_Work required:_
An exact copy of the data is needed, but without any of its images.

_Dataset excerpt:_
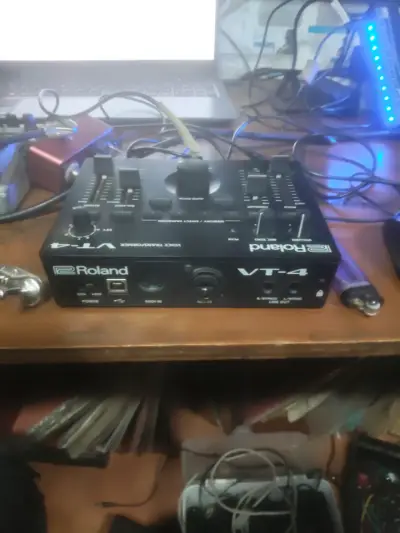 Roland VT-4 Transformador de Voz - miniatura 2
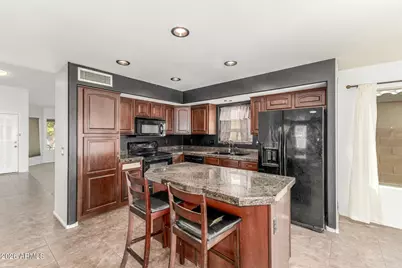 41247 W Walker Way, Maricopa, AZ 85138 - Photo 8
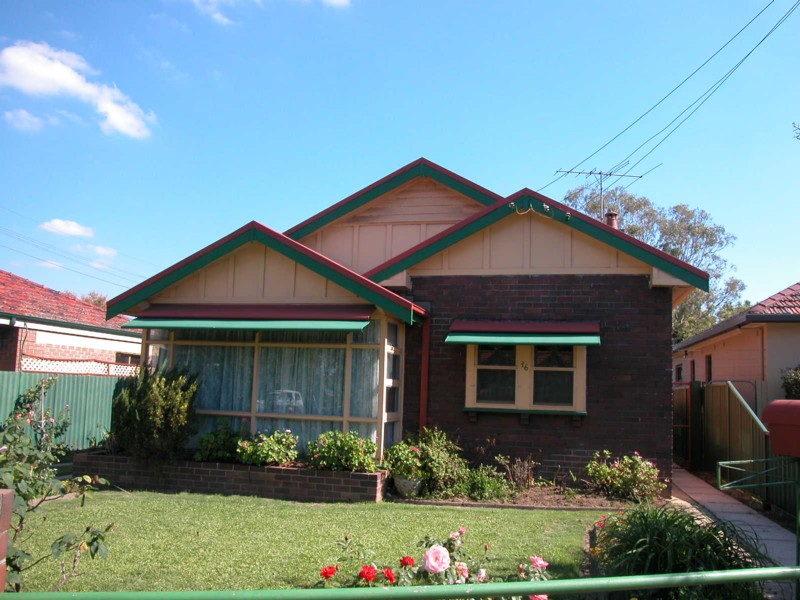 Comfortable Californian Bungalow c1930's Picture 3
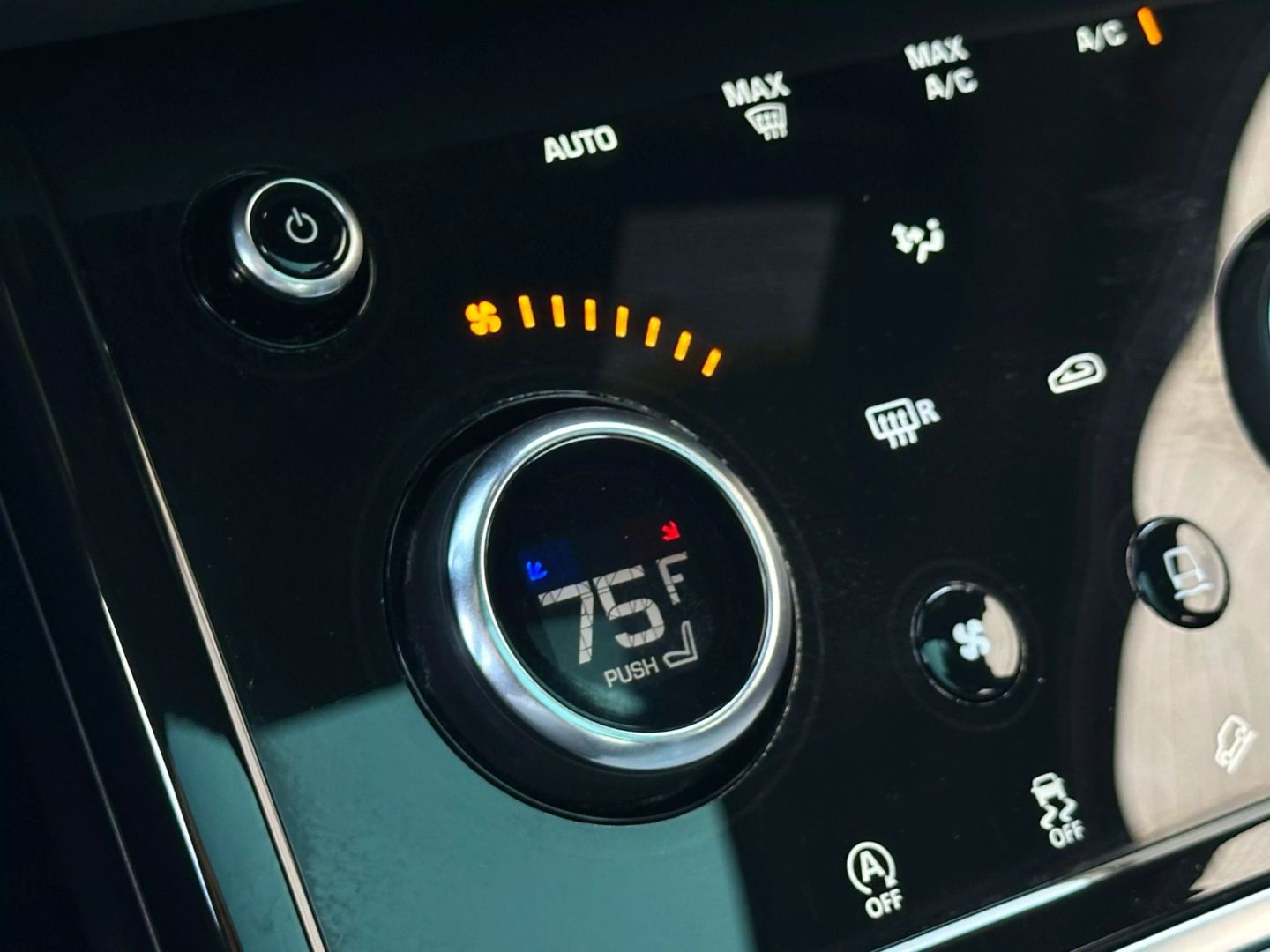 2020 Land Rover Range Rover Evoque - Image 46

_Your solution:_
 Roland VT-4 Transformador de Voz - miniatura 2
 41247 W Walker Way, Maricopa, AZ 85138 - Photo 8
 Comfortable Californian Bungalow c1930's Picture 3
 2020 Land Rover Range Rover Evoque - Image 46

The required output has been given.